[mnet-devel] some questions and comments on NGrouting
Zooko
zooko at zooko.com
Tue Aug 12 16:07:42 BST 2003
To: freenet-dev and mnet-devel
[Note that replies sent to mnet-devel will be held by the mailing list software
pending my approval. I will approve *all* replies which are not about penis-
enlargement or Nigerian millions, and I'll also add the sender's e-mail to
the "automatically approved senders" list.]
Hi there!
I'm Zooko, coordinator of the <a href="http://mnet.sf.net/"> Mnet project </a>.
You might be interested in these sections of our FAQ:
http://mnet.sourceforge.net/faq.php#diff-Mnet-Freenet
http://mnet.sourceforge.net/faq.php#diff-Mnet-Freenet-2
Ian Clarke asked me to comment on the NGrouting scheme. We've had similar
problems, and we've developed similar but not identical solutions for Mnet.
I'm reading <a href="http://freenet.sourceforge.net/index.php?page=ngrouting">
this doc </a> and I have a few questions and comments.
Note: my motivation in writing this is *not* to proclaim that Mnet is better
than Freenet. It is to help both of our development efforts by learning from
the other. Nonetheless, the fact that I do direct comparisons of specific
techniques from each design, and that I point out potential problems in
Freenet's design, will probably trigger the "us vs. them" reflex in your
brain and engender strong emotions. Please be polite in your response, and
I'll do the same for you.
Some questions:
* What does "must be efficiently serializable" mean?

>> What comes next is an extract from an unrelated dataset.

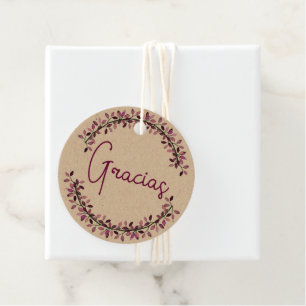 Gracias Typography Laurel Wreath Halves Thank You Favour Tags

* How are queries routed *alternatively* in order to attempt to bypass a Data
Not Found ("DNF") event? (I'm especially interested in this question, as
I haven't figured out how I want to do it in Mnet yet. ;-))
* When do Freenet nodes establish links to newly discovered peers (discovered
through DataSource information)? Are Freenet nodes expected to use
NGrouting measurements to choose when to link to new peers?
Some comments:
Unfortunately Mnet's solution to this problem is not yet nicely documented the
way the NGrouting design is. However, Mnet's approach is simple enough that
I can relate it while discussing Freenet's.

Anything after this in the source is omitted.